The politically correct term is “microaggression”—a new word that the Oxford English Dictionary has not yet added but may do so (unless adding that word is itself a microaggression). The word has been around for decades, first coined in 1970, but only recently has it become a buzzword. It refers to verbal, behavioral, or environmental indignities, even unintentional, that someone might perceive as a slight. Plug it into Google and you will get about 214,000 hits. Plug in “micro aggression” and you are over 700,000 hits.

What are some microaggressions? The University of Wisconsin–Stevens Point has helpfully included a list to guide its students and professors about what not to say. For example, let us say a professor tells a student in a class on rhetoric, “You are so articulate.” That’s a microaggression. Yes it is. You may be able to get away with telling the white student in the rhetoric class that she has performed well and is articulate, but you are looking for trouble if you say that to a nonwhite student, the University of Wisconsin solemnly informs us. What if an Asian student says to the teacher, “You only call the white students articulate?” “Why don’t you ever praise an Asian?” Well, the Administration at the University of Wisconsin never gets around to answering that one.

How about this?

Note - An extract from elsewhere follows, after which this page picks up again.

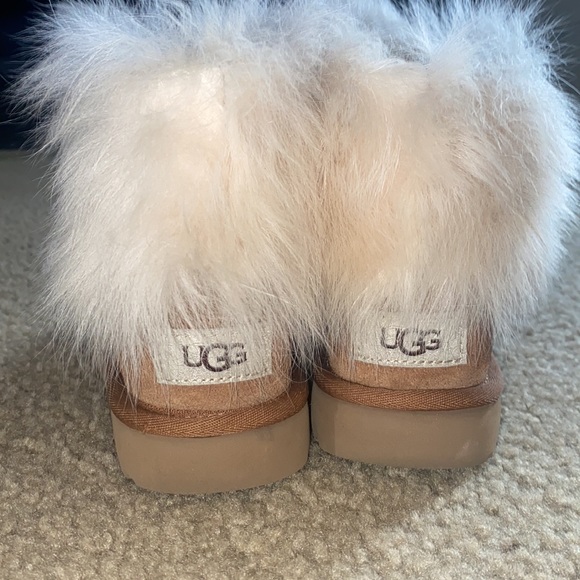 Boots - Picture 3 of 5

You’re in a history class, or a civics class, and you hear a student or teacher says, “America is a melting pot.” That is another no-no. It really means that people in this country assimilate, and that is apparently very bad. What if you pull out a dollar bill and read part of the Great Seal of the United States, “E pluribus unum”? That means, “Out of many, one.” That sounds a lot like “America is a melting pot.” Yet, Wisconsin does not list that one as a microaggression. Perhaps those who make up the list don’t understand Latin.

Suppose someone says, “I think my friend will get the job because his father is a friend of the employer.” Another person responds, “I believe the most qualified person should get the job.” That is yet another no-no, according to the University of Wisconsin–Stevens Point.

An example of an environmental microaggression occurs if a college or university has buildings named “after White heterosexual upper class males.” That one is really a hoot. First, one should not be surprised that college buildings are names after donors. If we have heard of the donor, we may know that the donor is male and rich. We usually don’t know their sexual orientation; perhaps because they think what they do in the bedroom is not anyone else’s business. In any event, it is still a bit surprising for the University of Wisconsin to object to buildings named after donors—all it has to do is refuse the money or return it and change the name of the building.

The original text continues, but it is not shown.